— What the exercise asks —
Transcribe exactly, and only, the lines from the one containing "vidaXL TV-benk sonoma" through the end of the entries below, leaving the pictures out.

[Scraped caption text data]

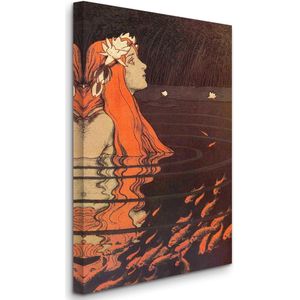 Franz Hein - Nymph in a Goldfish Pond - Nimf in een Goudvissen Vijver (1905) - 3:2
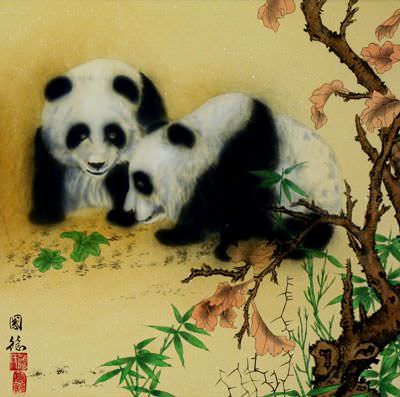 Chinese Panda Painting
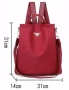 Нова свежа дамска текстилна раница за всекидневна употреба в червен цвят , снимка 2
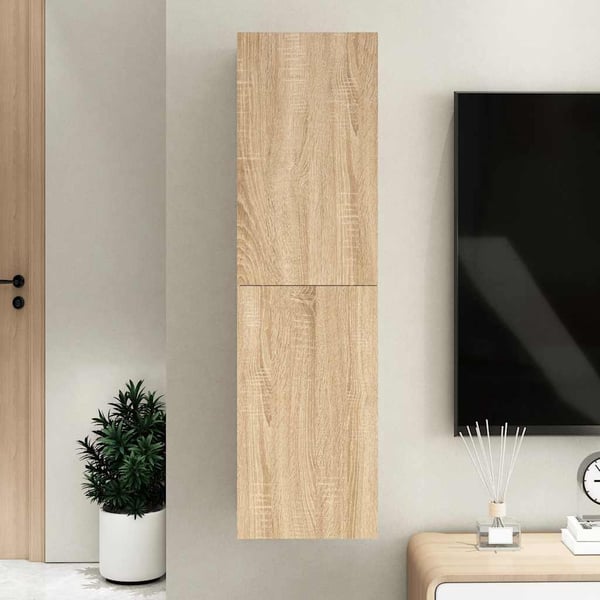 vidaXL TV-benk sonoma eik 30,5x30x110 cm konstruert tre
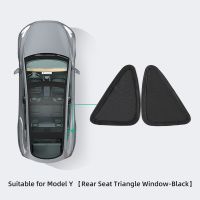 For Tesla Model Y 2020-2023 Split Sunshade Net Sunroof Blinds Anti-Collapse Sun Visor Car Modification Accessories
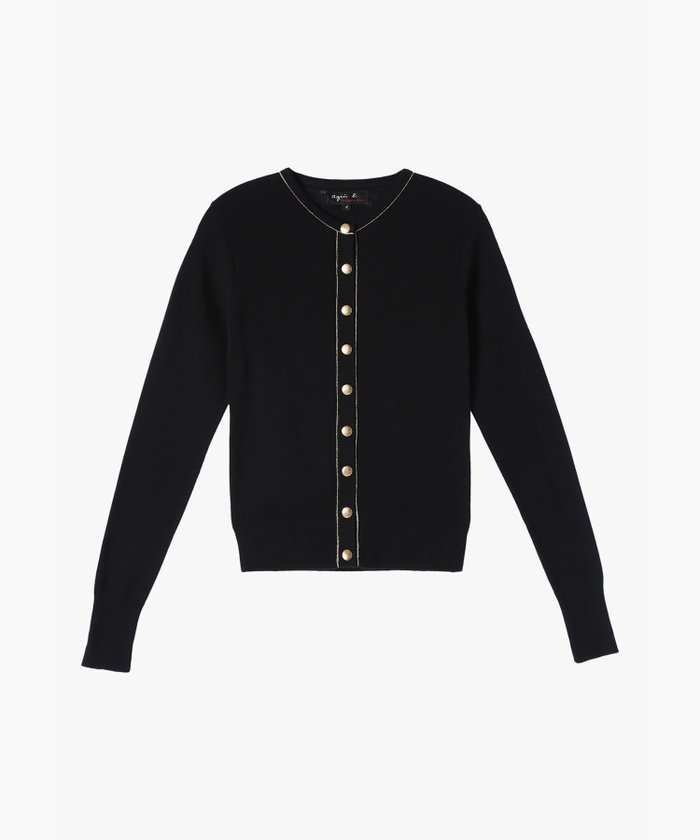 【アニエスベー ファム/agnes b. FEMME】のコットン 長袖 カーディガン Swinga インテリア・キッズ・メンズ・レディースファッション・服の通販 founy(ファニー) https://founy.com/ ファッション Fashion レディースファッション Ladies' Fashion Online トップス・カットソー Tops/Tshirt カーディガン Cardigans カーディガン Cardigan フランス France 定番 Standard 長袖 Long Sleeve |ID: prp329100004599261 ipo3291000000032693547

— Solved problem —
 vidaXL TV-benk sonoma eik 30,5x30x110 cm konstruert tre
 For Tesla Model Y 2020-2023 Split Sunshade Net Sunroof Blinds Anti-Collapse Sun Visor Car Modification Accessories
 【アニエスベー ファム/agnes b. FEMME】のコットン 長袖 カーディガン Swinga インテリア・キッズ・メンズ・レディースファッション・服の通販 founy(ファニー) https://founy.com/ ファッション Fashion レディースファッション Ladies' Fashion Online トップス・カットソー Tops/Tshirt カーディガン Cardigans カーディガン Cardigan フランス France 定番 Standard 長袖 Long Sleeve |ID: prp329100004599261 ipo3291000000032693547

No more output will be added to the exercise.